A military appeals panel on Monday legally validated the Hebron Jewish community’s purchase in 2012 of a three-story building across from the Cave of the Patriarchs, known as Beit Hamachpela.

But families could only move into the building if Defense Minister Moshe Ya’alon authorizes the purchase and gives them permission to do so.

Coalition chairman MK Yariv Levin (Likud) immediately called on Ya’alon to allow Jews to move into the home.

“They bought this house justly in the city of our forefathers,” Levin said at the Likud faction meeting in the Knesset on Monday. “We will continue to contribute to Jewish settlement in Hebron.”

On April 4, 2012, on the eve of Passover, the IDF forcibly evicted settlers from the three-story structure. A week earlier, about 15 families moved into the home, and then presented the IDF and politicians with documents showing they had purchased the property in a deal that took three years to complete.

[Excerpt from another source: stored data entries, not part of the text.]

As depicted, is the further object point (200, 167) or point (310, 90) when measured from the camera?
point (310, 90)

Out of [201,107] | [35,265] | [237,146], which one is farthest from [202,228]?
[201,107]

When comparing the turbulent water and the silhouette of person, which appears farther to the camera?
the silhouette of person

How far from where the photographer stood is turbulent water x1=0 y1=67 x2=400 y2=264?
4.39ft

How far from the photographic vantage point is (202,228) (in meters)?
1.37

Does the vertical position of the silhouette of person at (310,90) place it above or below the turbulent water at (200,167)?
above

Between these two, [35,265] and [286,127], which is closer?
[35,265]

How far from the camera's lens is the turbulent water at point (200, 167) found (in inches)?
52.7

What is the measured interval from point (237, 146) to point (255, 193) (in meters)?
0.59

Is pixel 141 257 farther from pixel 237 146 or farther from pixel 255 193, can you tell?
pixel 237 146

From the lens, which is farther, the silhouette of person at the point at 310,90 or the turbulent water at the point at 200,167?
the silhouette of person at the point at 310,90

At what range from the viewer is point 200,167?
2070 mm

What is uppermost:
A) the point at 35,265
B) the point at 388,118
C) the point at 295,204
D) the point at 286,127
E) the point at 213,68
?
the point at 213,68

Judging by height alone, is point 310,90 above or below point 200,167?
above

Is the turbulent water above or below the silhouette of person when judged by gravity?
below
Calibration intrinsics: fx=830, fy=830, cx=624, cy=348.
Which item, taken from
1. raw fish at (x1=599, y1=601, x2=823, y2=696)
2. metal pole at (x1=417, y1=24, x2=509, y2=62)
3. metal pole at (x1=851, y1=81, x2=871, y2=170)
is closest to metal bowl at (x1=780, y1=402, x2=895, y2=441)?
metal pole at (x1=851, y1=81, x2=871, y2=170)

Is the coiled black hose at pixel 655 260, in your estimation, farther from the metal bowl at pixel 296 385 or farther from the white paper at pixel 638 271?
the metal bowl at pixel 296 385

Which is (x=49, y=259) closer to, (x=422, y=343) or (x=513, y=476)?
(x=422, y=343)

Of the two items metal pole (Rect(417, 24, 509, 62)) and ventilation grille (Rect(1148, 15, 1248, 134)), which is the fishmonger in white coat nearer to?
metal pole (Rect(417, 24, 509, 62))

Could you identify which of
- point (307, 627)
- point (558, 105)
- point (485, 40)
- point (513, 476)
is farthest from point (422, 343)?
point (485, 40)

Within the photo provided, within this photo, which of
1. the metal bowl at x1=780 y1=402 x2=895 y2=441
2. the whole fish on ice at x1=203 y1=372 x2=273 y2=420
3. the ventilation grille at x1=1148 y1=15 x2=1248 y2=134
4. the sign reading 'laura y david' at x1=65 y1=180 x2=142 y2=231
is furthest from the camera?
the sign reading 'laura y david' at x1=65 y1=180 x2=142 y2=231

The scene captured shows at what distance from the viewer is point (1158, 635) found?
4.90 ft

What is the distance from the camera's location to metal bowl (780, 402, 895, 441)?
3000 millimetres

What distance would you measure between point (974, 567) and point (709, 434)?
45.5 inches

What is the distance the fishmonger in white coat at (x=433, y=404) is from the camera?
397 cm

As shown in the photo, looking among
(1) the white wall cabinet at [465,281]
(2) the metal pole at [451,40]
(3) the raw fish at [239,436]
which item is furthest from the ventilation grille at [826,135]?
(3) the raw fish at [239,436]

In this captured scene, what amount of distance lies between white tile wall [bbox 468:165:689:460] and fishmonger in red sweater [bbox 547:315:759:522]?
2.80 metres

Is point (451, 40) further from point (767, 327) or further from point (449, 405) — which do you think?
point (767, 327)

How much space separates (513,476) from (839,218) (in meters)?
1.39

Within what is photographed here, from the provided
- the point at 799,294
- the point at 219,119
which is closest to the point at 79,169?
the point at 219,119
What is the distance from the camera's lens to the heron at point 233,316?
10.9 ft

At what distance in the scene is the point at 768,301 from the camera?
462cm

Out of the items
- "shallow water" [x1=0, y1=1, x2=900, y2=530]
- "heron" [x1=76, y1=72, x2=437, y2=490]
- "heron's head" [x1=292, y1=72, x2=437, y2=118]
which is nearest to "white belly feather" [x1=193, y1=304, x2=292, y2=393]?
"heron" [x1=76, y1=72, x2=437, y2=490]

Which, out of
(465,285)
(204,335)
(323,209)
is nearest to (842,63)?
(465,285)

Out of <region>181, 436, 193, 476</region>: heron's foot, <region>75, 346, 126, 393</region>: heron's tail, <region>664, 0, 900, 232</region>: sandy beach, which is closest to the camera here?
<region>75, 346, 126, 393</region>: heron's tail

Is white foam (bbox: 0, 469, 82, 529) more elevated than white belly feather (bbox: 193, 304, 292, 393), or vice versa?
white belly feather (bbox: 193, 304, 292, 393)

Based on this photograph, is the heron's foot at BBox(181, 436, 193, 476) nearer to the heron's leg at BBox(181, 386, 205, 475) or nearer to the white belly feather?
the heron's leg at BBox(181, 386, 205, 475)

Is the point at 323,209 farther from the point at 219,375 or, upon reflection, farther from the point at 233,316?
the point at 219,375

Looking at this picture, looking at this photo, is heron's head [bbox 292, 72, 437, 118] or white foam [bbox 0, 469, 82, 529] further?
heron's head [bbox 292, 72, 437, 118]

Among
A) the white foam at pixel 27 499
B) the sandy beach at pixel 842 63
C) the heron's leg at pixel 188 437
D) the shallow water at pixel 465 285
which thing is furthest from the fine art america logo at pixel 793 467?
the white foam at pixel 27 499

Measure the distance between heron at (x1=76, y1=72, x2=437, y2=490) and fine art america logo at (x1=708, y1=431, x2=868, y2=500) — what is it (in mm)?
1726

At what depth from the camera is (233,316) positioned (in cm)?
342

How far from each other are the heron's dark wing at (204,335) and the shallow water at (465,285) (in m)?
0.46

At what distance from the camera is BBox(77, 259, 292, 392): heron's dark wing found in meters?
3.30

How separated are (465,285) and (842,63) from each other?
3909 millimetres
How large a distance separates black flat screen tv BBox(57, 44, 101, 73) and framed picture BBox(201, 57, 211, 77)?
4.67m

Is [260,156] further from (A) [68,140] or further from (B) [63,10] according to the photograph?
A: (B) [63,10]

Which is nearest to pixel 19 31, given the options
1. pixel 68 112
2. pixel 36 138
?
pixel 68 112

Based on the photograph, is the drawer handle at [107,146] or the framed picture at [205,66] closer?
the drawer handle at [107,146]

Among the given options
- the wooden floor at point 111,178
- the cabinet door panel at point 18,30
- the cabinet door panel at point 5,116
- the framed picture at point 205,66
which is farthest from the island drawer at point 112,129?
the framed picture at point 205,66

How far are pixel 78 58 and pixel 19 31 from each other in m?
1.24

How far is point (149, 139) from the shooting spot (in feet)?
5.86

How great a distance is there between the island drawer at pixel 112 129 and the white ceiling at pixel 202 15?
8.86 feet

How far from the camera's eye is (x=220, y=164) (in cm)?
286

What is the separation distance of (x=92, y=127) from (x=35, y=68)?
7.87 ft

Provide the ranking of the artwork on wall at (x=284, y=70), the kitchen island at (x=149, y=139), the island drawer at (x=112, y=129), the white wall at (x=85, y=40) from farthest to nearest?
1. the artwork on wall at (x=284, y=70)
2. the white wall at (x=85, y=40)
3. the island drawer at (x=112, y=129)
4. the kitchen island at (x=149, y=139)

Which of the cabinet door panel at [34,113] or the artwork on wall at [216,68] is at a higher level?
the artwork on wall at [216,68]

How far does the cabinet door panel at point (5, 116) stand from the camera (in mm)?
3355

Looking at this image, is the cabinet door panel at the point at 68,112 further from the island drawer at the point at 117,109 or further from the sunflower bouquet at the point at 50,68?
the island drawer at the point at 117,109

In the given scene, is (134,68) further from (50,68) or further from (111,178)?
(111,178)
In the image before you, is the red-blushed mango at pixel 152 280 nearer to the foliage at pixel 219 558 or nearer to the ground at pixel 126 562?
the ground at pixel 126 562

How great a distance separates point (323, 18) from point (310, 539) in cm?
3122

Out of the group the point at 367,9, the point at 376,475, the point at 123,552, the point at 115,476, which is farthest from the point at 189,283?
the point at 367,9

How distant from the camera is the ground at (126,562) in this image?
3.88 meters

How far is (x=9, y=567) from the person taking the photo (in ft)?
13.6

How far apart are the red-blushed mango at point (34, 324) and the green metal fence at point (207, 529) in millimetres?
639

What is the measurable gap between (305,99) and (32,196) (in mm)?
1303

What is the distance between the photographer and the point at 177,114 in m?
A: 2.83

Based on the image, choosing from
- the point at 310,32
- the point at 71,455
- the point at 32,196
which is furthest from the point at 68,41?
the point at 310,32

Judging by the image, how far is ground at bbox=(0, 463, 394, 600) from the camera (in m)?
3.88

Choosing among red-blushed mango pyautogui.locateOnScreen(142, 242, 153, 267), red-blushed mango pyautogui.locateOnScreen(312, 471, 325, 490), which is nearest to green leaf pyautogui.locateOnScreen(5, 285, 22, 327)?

The PA has since jailed and sentenced to death the Palestinian who sold them the property, according to Hebron resident MK Orit Struck (Bayit Yehudi).

At the time, the Civil Administration of Judea and Samaria had said that on the surface, the documents looked authentic, but the issue was more the absence of a purchase permit.

Security sources had also said they were concerned about the building’s location in an otherwise Palestinian neighborhood in a section of the city under Israeli military control.

Palestinians also live in a small section of the building, which was not purchased by the settlers.

It abuts a Palestinian school and borders the area of the city under the Palestinian Authority’s jurisdiction.

The portion of the building purchased by settlers has been boarded up for more than a year, but an Israeli flag has continued to fly there. In a recent visit to the city, The Jerusalem Post noted a Palestinian flag flying from a nearby building.

Struck said the military judicial panel’s decision was a “serious indictment against those who decided to evacuate the home.” The building’s evacuation, she said, was unprofessional, unfair, and had no basis in fact.

“It is very sad that someone decided to throw Jews out of the homes because they were Jews,” she said. “Then they wrapped it in legal cellophane claiming that they acted for judicial reasons.”

Struck said she was hopeful Ya’alon would authorize the building’s habitation by Jews.

Prior to the evacuation, she said, Ya’alon visited the building and said that the families should be allowed to remain there.

Monday’s decision marks the second time in the past few years a military court has authenticated the Jewish purchase of Palestinian property in Hebron.

In 2012, the Jerusalem Magistrate’s Court validated the purchase of a three-story structure on the outskirts of the city, known as Beit Hashalom. Following the verdict, former defense minister Ehud Barak approved the sale and its habitation by Jews. But the building remains empty pending an appeal by the initial Palestinian owners.